A la mar agitada.

Siempre me gustó más la mar cuando está agitada, cuando el viento sopla y las olas se arremolinan mientras arremeten contra la arena.

Al contrario de la mar calma (que es agradable para zambullirse y relajarse), a la mar agitada me gusta contemplarla, sentirla, olerla y volverla a mirar para así entender la belleza que hay en su caos de olas; para asomarme (aunque sea por un rato) a la antigua sabiduría que se esconde en su vaivén; para apreciar la hermosura que hay en lo solitario y para sentir (aunque sea solo un instante) que esa misma soledad se acerca y le da un breve abrazo a la soledad de mi alma.

La mar agitada huele a poesía, a amores no correspondidos, a lágrimas y a desconsuelo. Pero (y esto es lo más irónico y contradictorio) la mar agitada también huele a calma; a la serenidad que sólo puede ser propia de algo que ha sido como es desde que el mundo se creó.
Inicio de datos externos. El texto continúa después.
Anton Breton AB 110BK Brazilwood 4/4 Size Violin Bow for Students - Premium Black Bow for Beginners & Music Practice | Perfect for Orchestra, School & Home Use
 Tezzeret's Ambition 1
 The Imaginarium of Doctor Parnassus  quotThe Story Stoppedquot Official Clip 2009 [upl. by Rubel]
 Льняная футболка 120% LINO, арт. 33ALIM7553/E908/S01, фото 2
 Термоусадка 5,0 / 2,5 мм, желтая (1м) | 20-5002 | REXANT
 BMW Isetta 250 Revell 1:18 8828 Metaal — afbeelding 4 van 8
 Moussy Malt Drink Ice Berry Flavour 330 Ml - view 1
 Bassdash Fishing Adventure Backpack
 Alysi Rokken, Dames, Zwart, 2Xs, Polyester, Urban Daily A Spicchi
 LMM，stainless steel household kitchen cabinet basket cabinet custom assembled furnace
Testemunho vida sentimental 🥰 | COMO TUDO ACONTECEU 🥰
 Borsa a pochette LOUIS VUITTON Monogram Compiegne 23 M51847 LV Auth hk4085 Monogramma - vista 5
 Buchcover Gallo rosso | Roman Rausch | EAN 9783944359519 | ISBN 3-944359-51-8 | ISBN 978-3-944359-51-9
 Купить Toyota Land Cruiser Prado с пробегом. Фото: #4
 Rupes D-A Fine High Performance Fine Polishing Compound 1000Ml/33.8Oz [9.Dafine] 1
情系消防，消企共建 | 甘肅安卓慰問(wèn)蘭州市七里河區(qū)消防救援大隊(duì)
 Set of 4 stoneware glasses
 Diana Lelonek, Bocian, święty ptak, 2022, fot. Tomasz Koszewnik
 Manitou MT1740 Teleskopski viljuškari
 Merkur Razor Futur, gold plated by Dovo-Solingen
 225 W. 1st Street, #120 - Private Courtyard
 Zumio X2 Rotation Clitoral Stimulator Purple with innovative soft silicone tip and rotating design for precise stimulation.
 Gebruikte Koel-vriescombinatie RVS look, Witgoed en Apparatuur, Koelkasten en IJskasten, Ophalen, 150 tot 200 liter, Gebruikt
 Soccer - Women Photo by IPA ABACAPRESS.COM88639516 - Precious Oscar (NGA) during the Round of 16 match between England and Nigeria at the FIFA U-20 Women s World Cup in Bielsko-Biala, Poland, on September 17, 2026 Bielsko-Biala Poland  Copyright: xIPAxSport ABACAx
A la mar agitada me gusta mirarla, me gusta observarla mientras lucha por arañar con su espuma un centímetro más en la arena, mientras todo su poder se mantiene violentamente a raya; mirar la soledad de su infinita extensión y, más que mirar, ver en ella el más anhelado de los deseos del alma humana.

A la mar agitada me gusta mirarla y me gusta considerarla una amiga de las mejores… las que acompañan la soledad y aconsejan sin aconsejar.